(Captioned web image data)
########
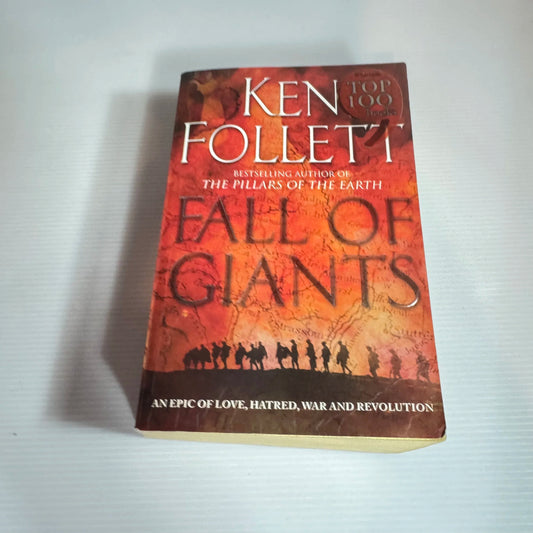 Fall OF Giants - Ken Follett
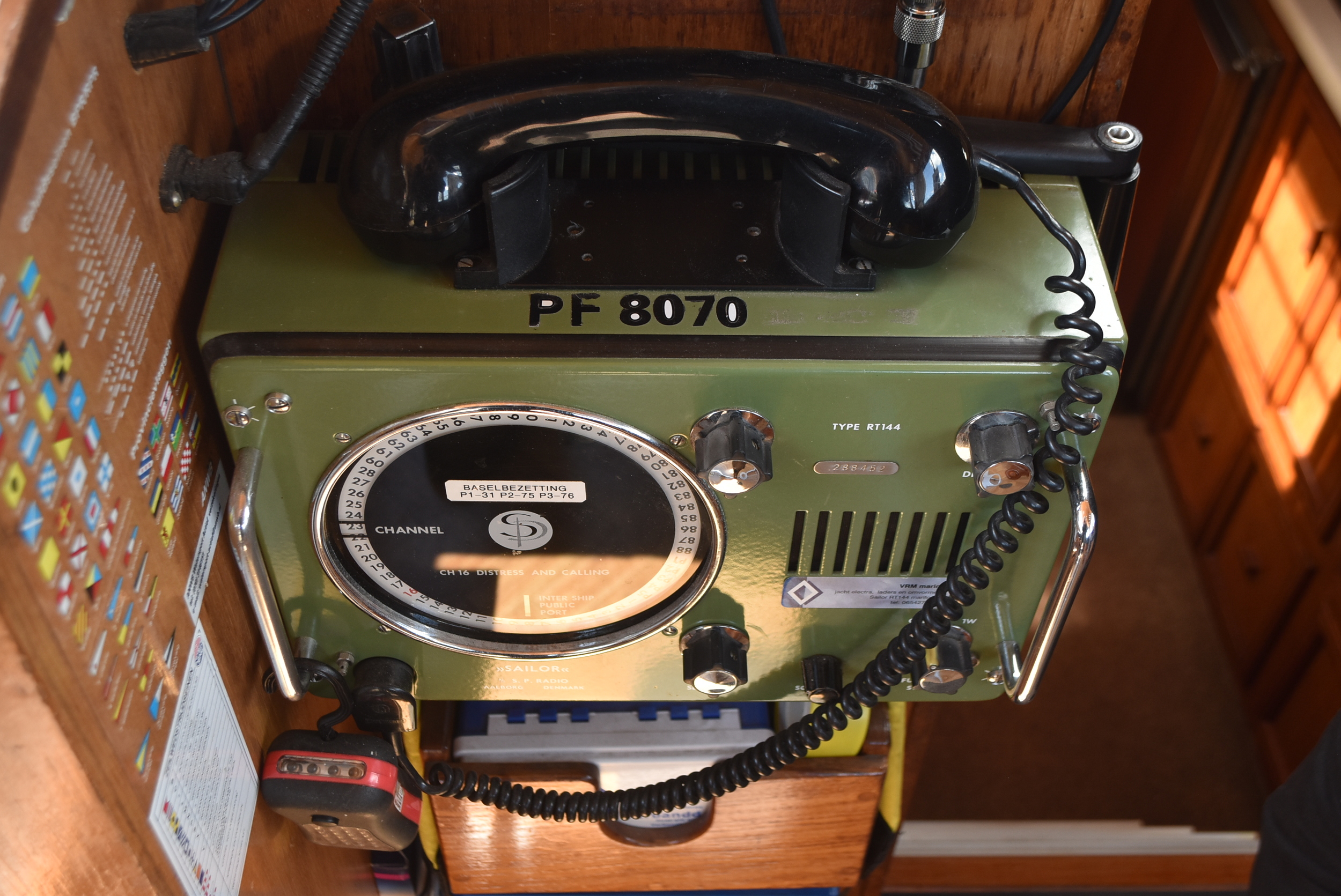 foto: 60 Van Waveren Kotter 11.30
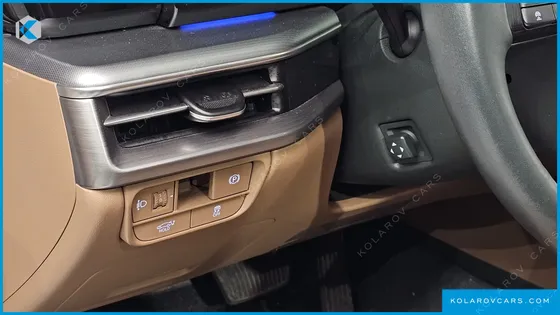 HYUNDAI GRANDEUR 3.5 LPG 2WD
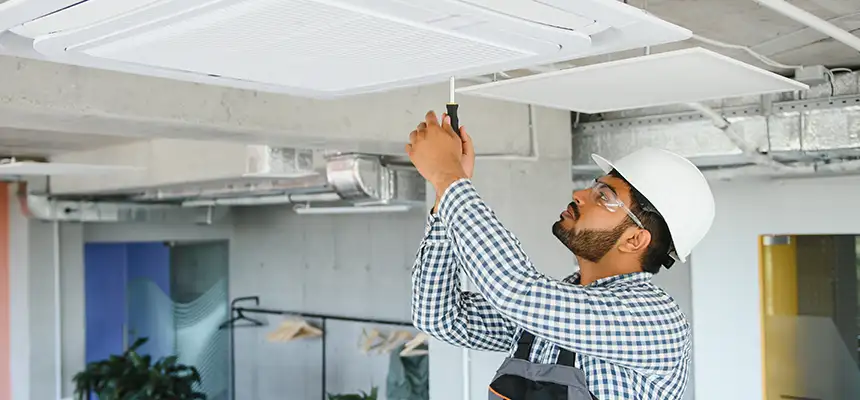 Our Roof Dryer Vent Cleaning Services in Van Buren, AR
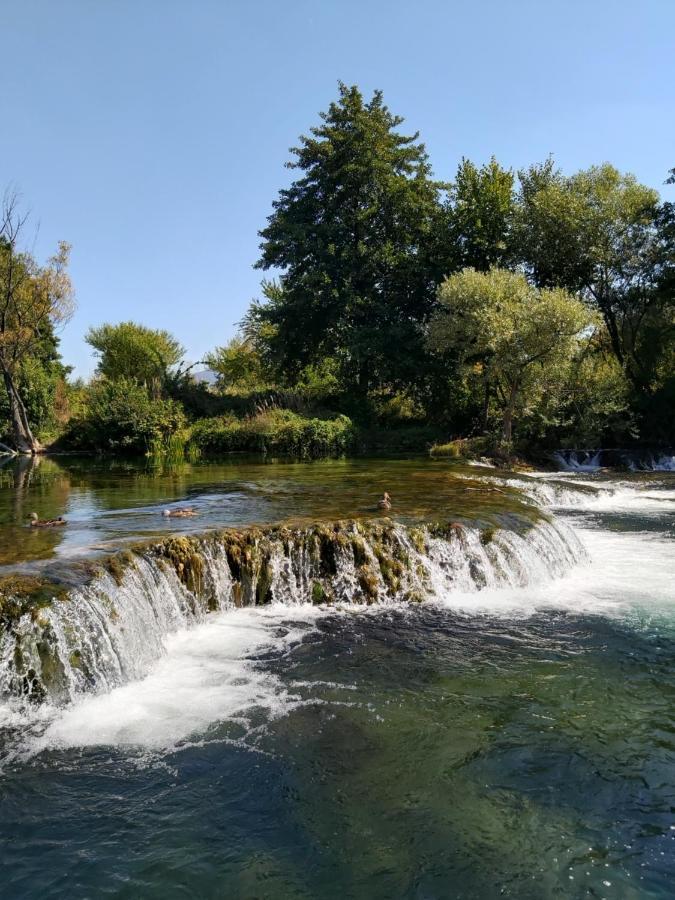 Sadrvan Una Apartment Bihać Zewnętrze zdjęcie
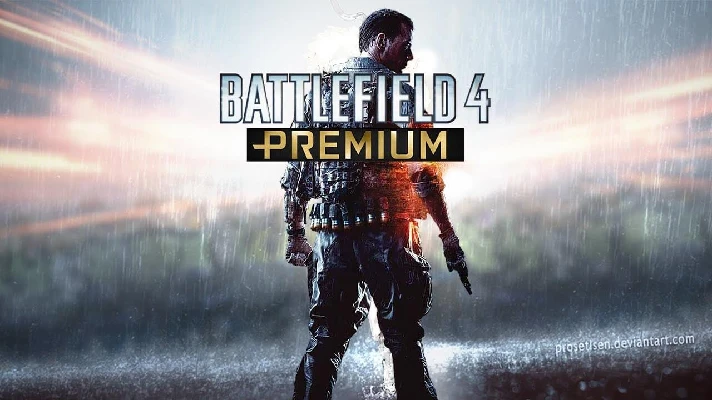 Battlefield 4 Premium I EA App I Bonus Games 🎁 +Email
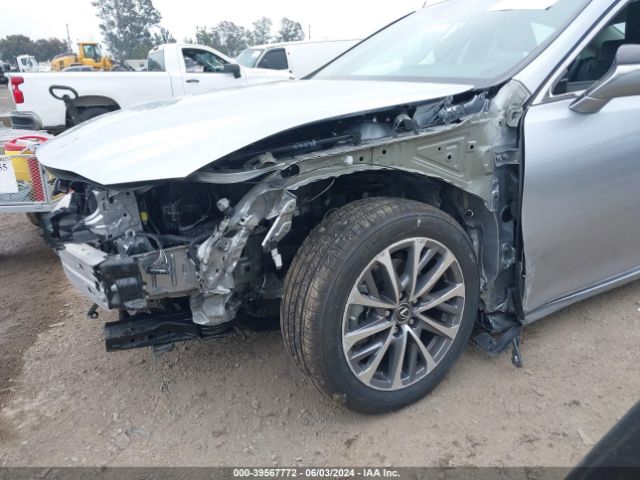 58ACZ1B13RU170474 Lexus ES 350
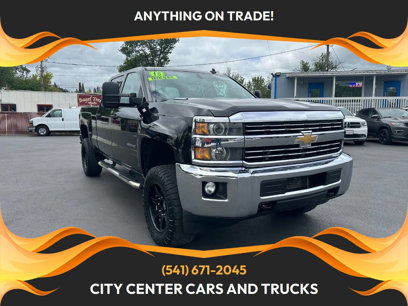 Used 2015 Chevrolet Silverado 2500 LT w/ LT Convenience Package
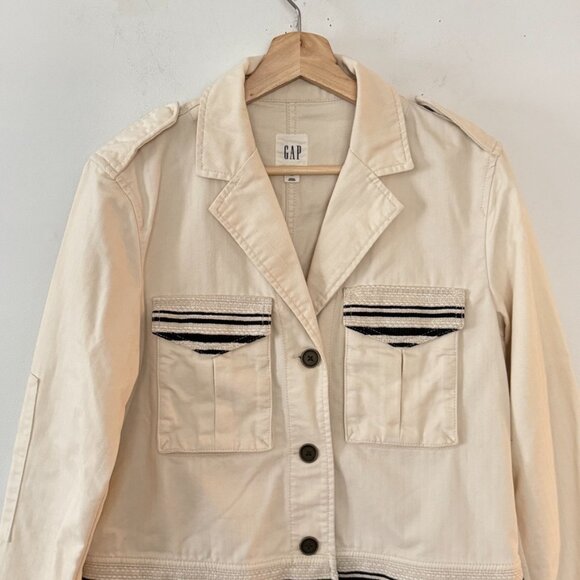 NEW Gap Combo Utility Jacket - Picture 15 of 16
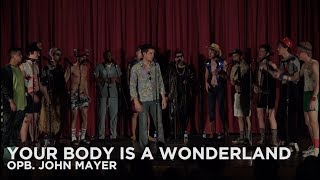 Your Body is a Wonderland (opb. John Mayer) - The Pennchants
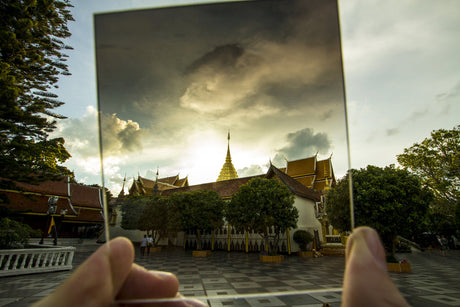When and How to Use Camera Filters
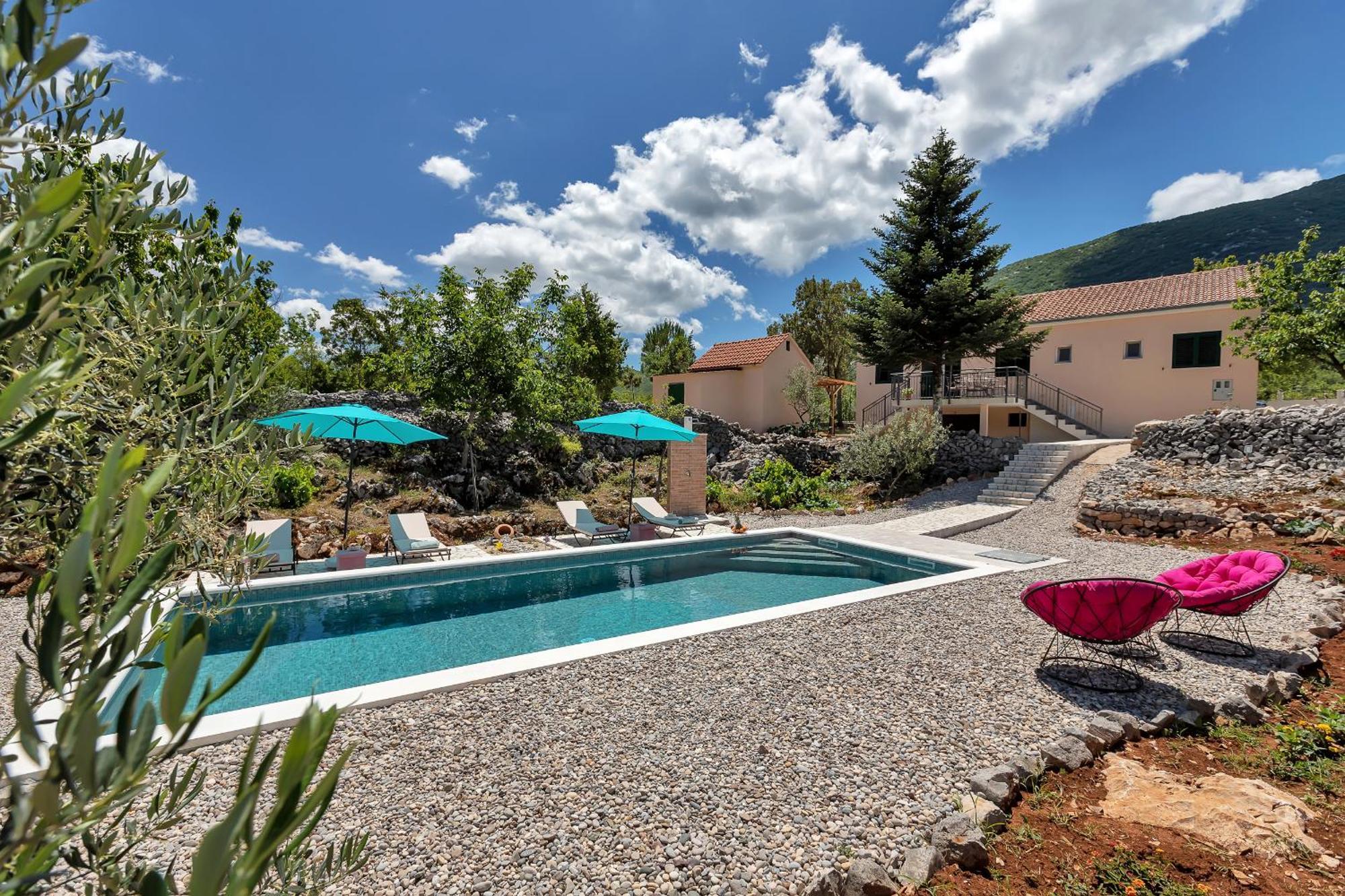 Holiday Home Danica Ozici Zewnętrze zdjęcie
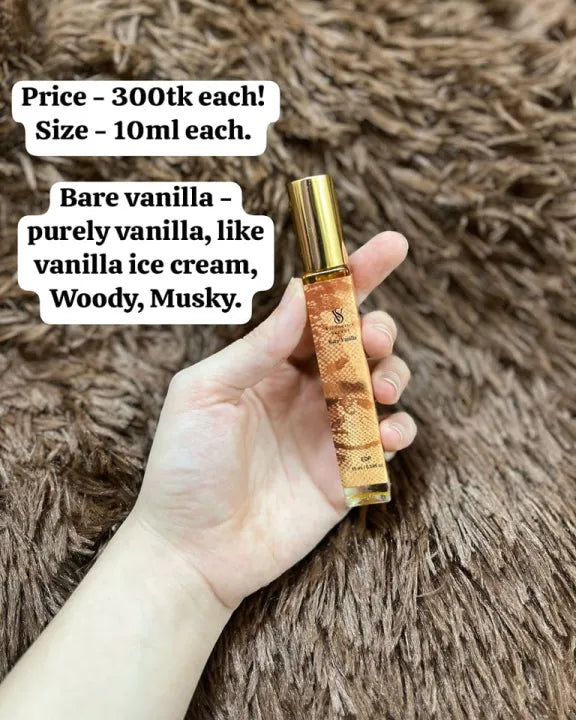 Victoria's Secret Mini Perfumes 10ml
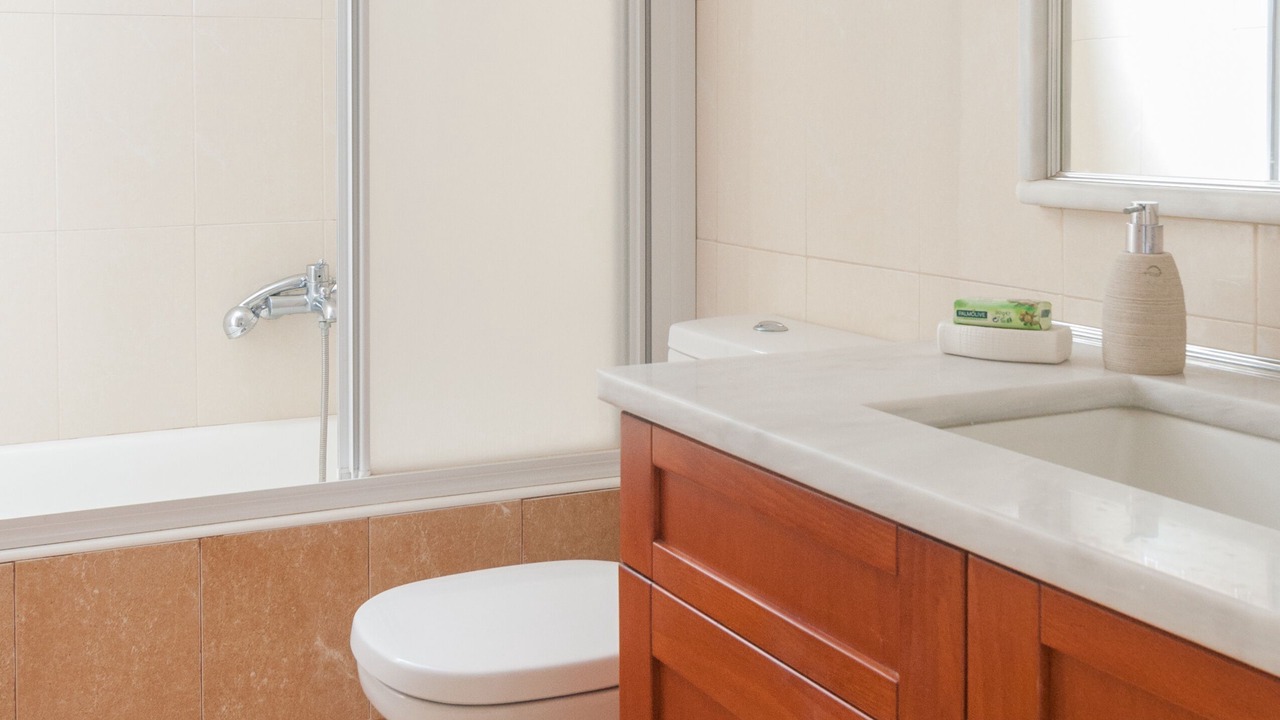 Photo of Bathroom in Naxos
########
PROBLEM DESCRIPTION: Without any picture, return exactly the lines of the records above from the first through the line that contains "58ACZ1B13RU170474 Lexus ES 350".

FINISHED EXERCISE:
 Fall OF Giants - Ken Follett
 foto: 60 Van Waveren Kotter 11.30
 HYUNDAI GRANDEUR 3.5 LPG 2WD
 Our Roof Dryer Vent Cleaning Services in Van Buren, AR
 Sadrvan Una Apartment Bihać Zewnętrze zdjęcie
 Battlefield 4 Premium I EA App I Bonus Games 🎁 +Email
 58ACZ1B13RU170474 Lexus ES 350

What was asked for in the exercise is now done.